BT Group PLC (LON:BT.A) is to release an “uneventful” update on 31 January, analysts at Berenberg believe, although they expressed their support of the work so far of the telecom group's chief executive, Philip Jansen as he approaches the first anniversary of having taken the helm.
The German investment bank's analysts expect BT's revenue and underlying earnings (EBITDA) for the third quarter to decline by 1.7% and 3.7% respectively.
February 1 will mark Jansen's first year of tenure, and the analysts said they think he has been “very visible, energetic”, but believe he could have gone “further and faster in taking control of the narrative around fibre”.
The analysts noted that Jansen increased employee engagement by giving every member of staff £500 in shares and positively navigated the UK political turmoil last year by engaging with both the Conservatives and Labour.
Moreover, none of his executive committee have left since he started, the analysts added in a note to clients.

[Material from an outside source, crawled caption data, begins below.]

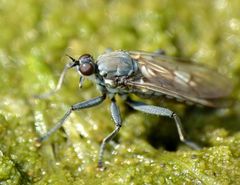 Thinempis otakouensis
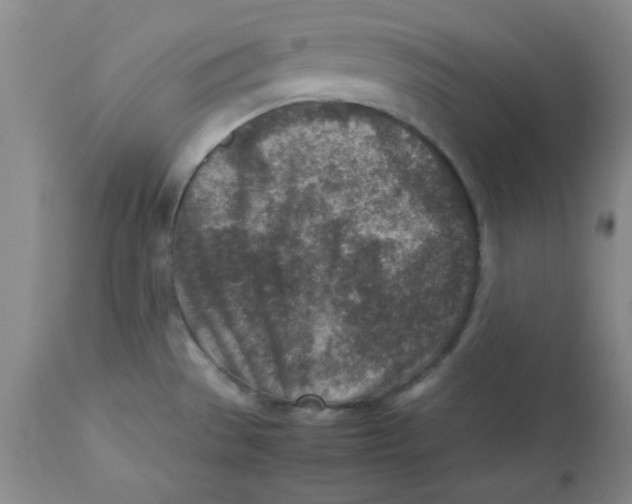 X0000112731529200909171116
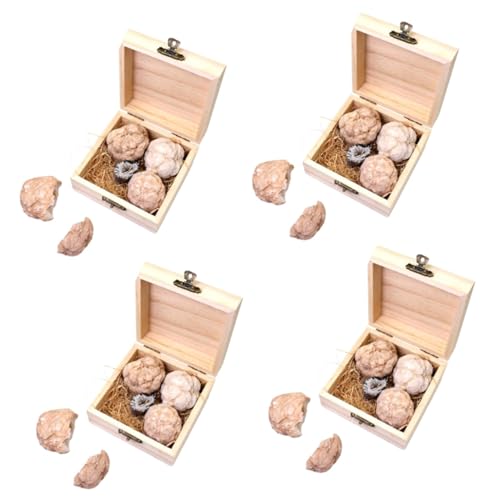 TOPPERFUN 4 Boxen Höhlencluster-kristallkugel Edelstein-ausgrabungsset Rock-sammlung Mineralgesteinsset Bausatz Zum Graben Von Steinen Geoden-kit Graben Rock-kit Kristallachaterz von TOPPERFUN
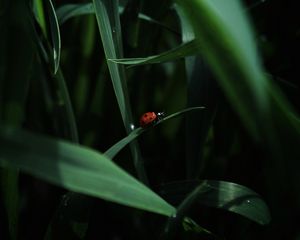 Preview wallpaper ladybug, insect, grass
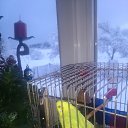���� ������, ������� - ��������� 26 �������� 2020 � ������ ���� ����������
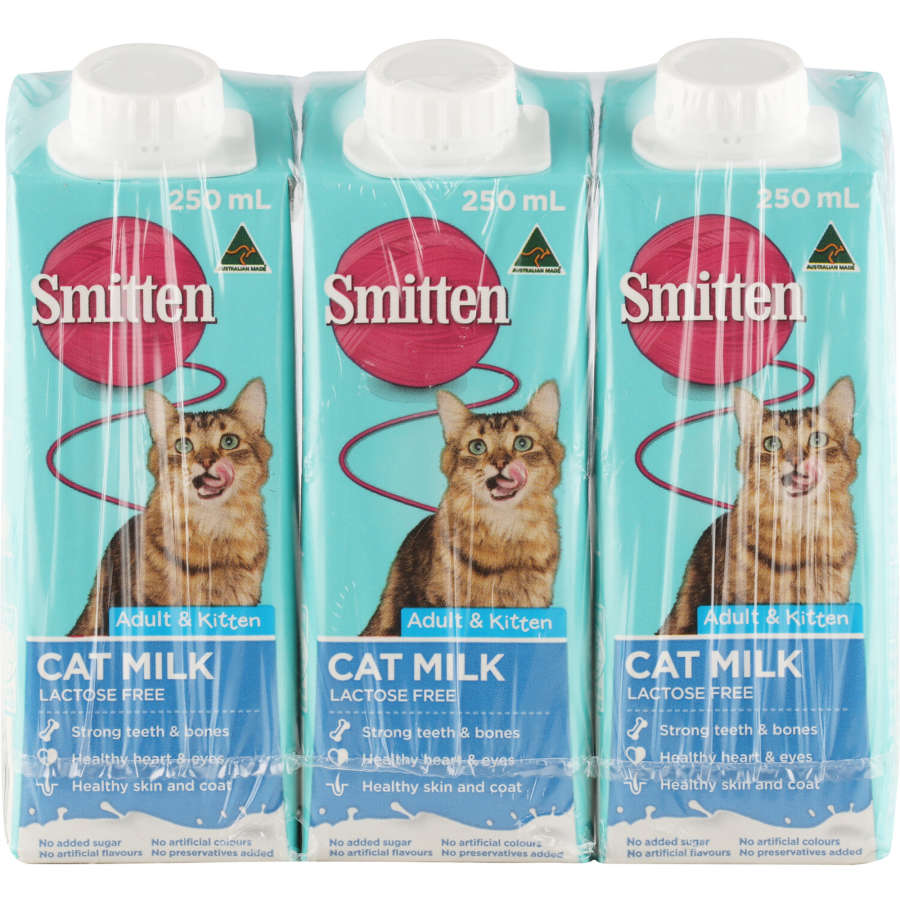 Cat sip milk reviews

However, they think the FTSE 100-listed firm could have made a larger, longer-term commitment to Ofcom’s regulatory framework for full-fibre broadband after the March consultation.
The analysts noted that a new meeting this month will provide further clarity, and BT could take a stance in its full-year results in May even though it would hit the group's share price.
Berenberg reiterated a ‘hold’ rating on BT with a 220p price target. The shares were trading 2% lower at 181.28p on Monday.